(Beginning of Data provided)

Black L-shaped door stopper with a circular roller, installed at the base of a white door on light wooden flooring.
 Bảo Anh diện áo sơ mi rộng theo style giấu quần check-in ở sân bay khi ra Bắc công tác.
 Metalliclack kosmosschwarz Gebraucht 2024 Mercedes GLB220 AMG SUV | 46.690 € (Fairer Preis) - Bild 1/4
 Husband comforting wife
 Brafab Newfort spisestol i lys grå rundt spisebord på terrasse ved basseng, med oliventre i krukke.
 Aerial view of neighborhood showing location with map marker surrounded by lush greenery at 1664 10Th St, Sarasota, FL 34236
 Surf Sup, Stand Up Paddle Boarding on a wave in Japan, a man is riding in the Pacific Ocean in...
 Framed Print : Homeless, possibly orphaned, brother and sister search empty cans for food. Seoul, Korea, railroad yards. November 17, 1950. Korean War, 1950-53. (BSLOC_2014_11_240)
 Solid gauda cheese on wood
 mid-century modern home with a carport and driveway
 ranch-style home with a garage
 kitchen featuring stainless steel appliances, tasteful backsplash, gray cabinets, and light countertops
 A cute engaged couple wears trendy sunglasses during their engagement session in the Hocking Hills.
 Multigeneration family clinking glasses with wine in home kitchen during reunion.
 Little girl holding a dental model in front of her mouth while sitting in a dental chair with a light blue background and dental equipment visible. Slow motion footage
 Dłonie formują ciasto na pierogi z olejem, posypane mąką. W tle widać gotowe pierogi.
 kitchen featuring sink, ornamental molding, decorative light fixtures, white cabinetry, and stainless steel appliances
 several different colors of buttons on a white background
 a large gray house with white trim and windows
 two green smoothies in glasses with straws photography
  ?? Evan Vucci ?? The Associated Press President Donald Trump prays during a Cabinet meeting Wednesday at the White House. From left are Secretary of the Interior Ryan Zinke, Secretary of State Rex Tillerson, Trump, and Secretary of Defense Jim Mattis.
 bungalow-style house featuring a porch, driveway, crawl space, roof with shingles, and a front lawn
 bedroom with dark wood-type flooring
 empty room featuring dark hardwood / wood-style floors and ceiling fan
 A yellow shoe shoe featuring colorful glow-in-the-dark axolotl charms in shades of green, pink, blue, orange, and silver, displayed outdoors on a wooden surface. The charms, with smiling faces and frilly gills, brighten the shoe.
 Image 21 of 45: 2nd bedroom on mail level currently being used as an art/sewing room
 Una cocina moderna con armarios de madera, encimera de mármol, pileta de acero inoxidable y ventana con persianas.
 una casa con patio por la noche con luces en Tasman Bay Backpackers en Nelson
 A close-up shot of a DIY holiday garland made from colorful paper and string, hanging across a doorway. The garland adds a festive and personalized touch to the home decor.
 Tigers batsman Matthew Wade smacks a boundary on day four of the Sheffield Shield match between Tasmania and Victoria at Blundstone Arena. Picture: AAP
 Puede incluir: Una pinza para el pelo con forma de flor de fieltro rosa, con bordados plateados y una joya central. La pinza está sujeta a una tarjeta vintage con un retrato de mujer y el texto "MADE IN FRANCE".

(End of Data provided)

> [What to do]:
Restate exactly the records above from their first line through the line that holds "Brafab Newfort spisestol", please, including both and leaving out all others.

> [Answer below]:
Black L-shaped door stopper with a circular roller, installed at the base of a white door on light wooden flooring.
 Bảo Anh diện áo sơ mi rộng theo style giấu quần check-in ở sân bay khi ra Bắc công tác.
 Metalliclack kosmosschwarz Gebraucht 2024 Mercedes GLB220 AMG SUV | 46.690 € (Fairer Preis) - Bild 1/4
 Husband comforting wife
 Brafab Newfort spisestol i lys grå rundt spisebord på terrasse ved basseng, med oliventre i krukke.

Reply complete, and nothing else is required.